Today is the day to do the hokey pokey.
First and foremost, great friend of Zulkey.com Mike Sacks has finally started his own site after many years of funny on the web. Behold!
Today I chat withthe author of two novels, The Invisible Circus and Look at Me, which was a finalist for the National Book Award, and a short story collection, Emerald City. She has published short fiction in The New Yorker, Harper's, Zoetrope and Ploughshares, among others, and her journalism appears frequently in the New York Times Magazine. She is the recipient of a National Endowment for the Arts fellowship and a Guggenheim Fellowship, and was recently a fellow at the Dorothy and Lewis B. Cullman Center for Scholars and Writers at the New York Public Library. Her new book, The Keep just came out this summer and has already appeared on the New York Times bestseller list.
The Jennifer Egan Interview: a Little Under Twenty Questions
Your new book has been described as "contemporary Gothic." Does that seem like an accurate description to you? What do you think it means?
I think it's accurate to the extent that The Keep partakes of a gothic atmosphere (remote, spooky, infused with the possibility of the supernatural and also slightly cheesy, or trumped up, in a way that has the potential to be comic) and employs a number of gothic conventions: found manuscripts, texts inside texts, an old castle, twins, allusions to Medieval history.
One of the most praised things about the book is its structure. What are some books that you love that have complex or unusual structures?
The book I think of first is Lawrence Sterne's Tristram Shandy--it's one of the first novels ever written, and it's utterly "meta" in the sense that one of its chief subjects is its own creation. The structure is completely freewheeling and playful, and the characters are utterly winning and human. That's why I'm always a little baffled when people talk about metafiction or postmodernism as "new" concepts in literature. Sterne and Cervantes were doing all of this stuff right from the get-go but we had to wait for Joyce to remind us of what acrobatics the novel is capable of.
Some more contemporary books I've loved for their complex structures: Ken Kesey's Sometimes a Great Notion (this is an undervalued book, in my opinion); Nabokov's Pale Fire, DeLillo's Underworld, Nicholson Baker's The Mezzanine.

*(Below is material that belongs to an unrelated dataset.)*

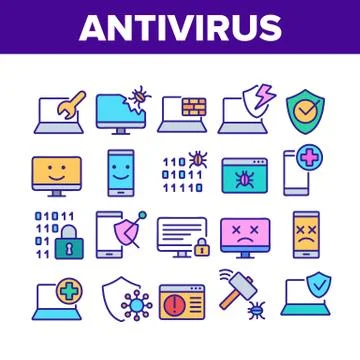 Antivirus Program Collection Icons Set Vector 库存插图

It bothers me that these books are all by men but for some reason I can't think of any books by women that fill that particular description.
Time Out New York described your book as an "an artful mindfuck." Is that what you set out for your book to be
No, although I didn't mind the characterization, because I presumed (hopefully not wrongly) that it was said in appreciation. I don't ever think of my readers as people to "fuck with." If anything, my predisposition is toward overearnestness: wanting to explain everything and make sure that everyone understands what I'm trying to do. My first novel, The Invisible Circus, makes this mistake to some degree. As I've kept writing, I've learned to trust the reader more, and let him/her make some of the connections I'm tempted to make for them. It's true that The Keep engages in some switches and surprises, but those are intended to be bracing, eye-opening fun.
The website for the book is interesting-did you have much input on it?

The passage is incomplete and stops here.